§ **DATASET EXTRACT**:
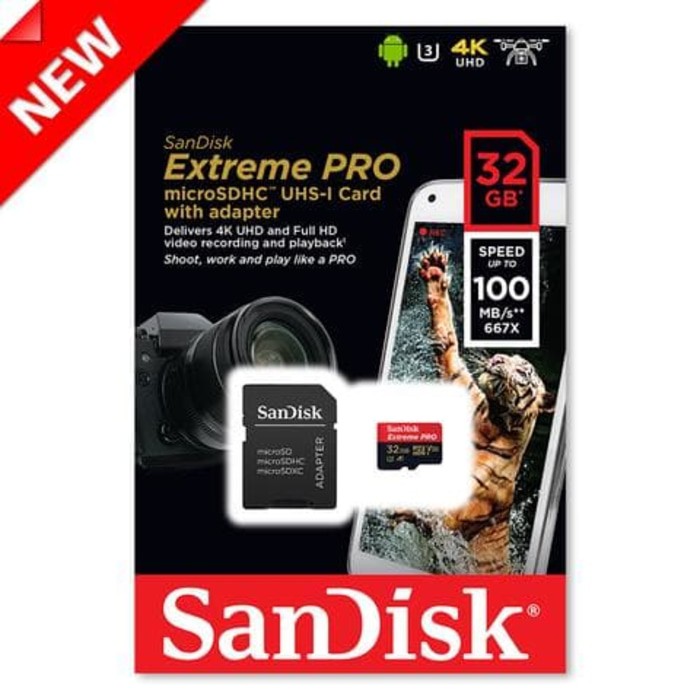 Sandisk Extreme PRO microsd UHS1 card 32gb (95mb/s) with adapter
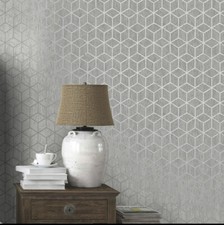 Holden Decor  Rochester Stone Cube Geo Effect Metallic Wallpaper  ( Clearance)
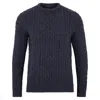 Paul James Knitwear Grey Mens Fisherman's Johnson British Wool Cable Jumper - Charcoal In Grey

§ **WHAT TO WORK ON**:
Retype the whole listing word for word. Skip the pictures.

§ **YOUR RESPONSE**:
 Sandisk Extreme PRO microsd UHS1 card 32gb (95mb/s) with adapter
 Holden Decor  Rochester Stone Cube Geo Effect Metallic Wallpaper  ( Clearance)
 Paul James Knitwear Grey Mens Fisherman's Johnson British Wool Cable Jumper - Charcoal In Grey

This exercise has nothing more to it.